— Par Roland Sabra —
Synopsis : Victoria, fillette noire de milieu modeste, n’a jamais oublié la nuit passée dans une famille bourgeoise, à Paris, chez le petit Thomas. Des années plus tard, elle croise de nouveau celui-ci. De leur brève aventure naît Marie. Mais Victoria attend sept ans avant de révéler l’existence de l’enfant à Thomas et à sa famille, issue de la bonne bourgeoisie, généreuse et ouverte. Sous le charme de la petite fille, ils lui proposent alors de l’accueillir régulièrement. Peu à peu, Victoria se sent dépossédée de sa fille…

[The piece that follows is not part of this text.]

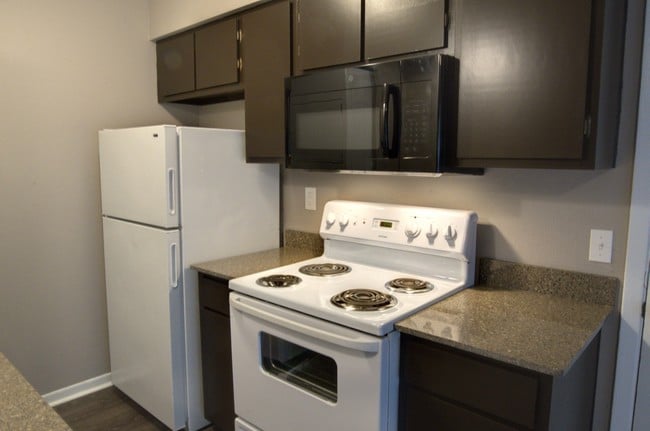 Building Photo - Oxford Oaks Apartments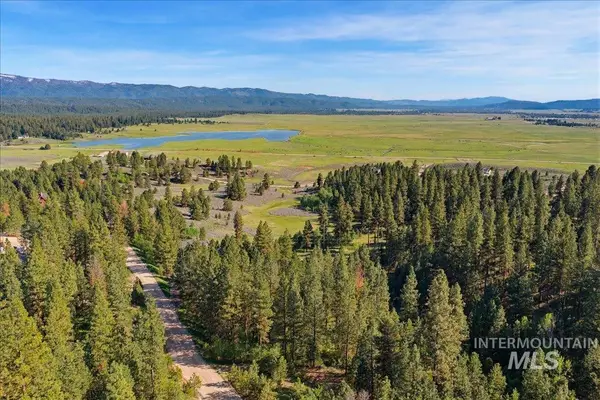 45 Joshua Drive, Cascade, ID 83611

Pour son neuvième long métrage Jean-Paul Civeyrac adapte à l’écran une nouvelle de Doris Lessing « Victoria et les Staveney ». Le film en transposant la situation de Londres à Paris dresse avec une grande finesse, une belle distance et beaucoup de sensibilité le portrait de deux univers à travers deux générations. D’un coté une bourgeoisie blanche, ouverte, de « gôche » si tant est que le mot est encore un sens, possédant les codes culturels dominants et capables d’en jouer, très « bobo » en un mot, de l’autre un monde en marge qui regarde passer les trains de l’histoire sans jamais oser y monter si ce n’est comme soutier et qui se sent dépossédé non seulement des richesses matérielles mais plus encore des us et des coutumes incorporés par les possédants et que ceux-ci manient de façon presque « naturelle »⋅ Habitus dirait Pierre Bourdieu.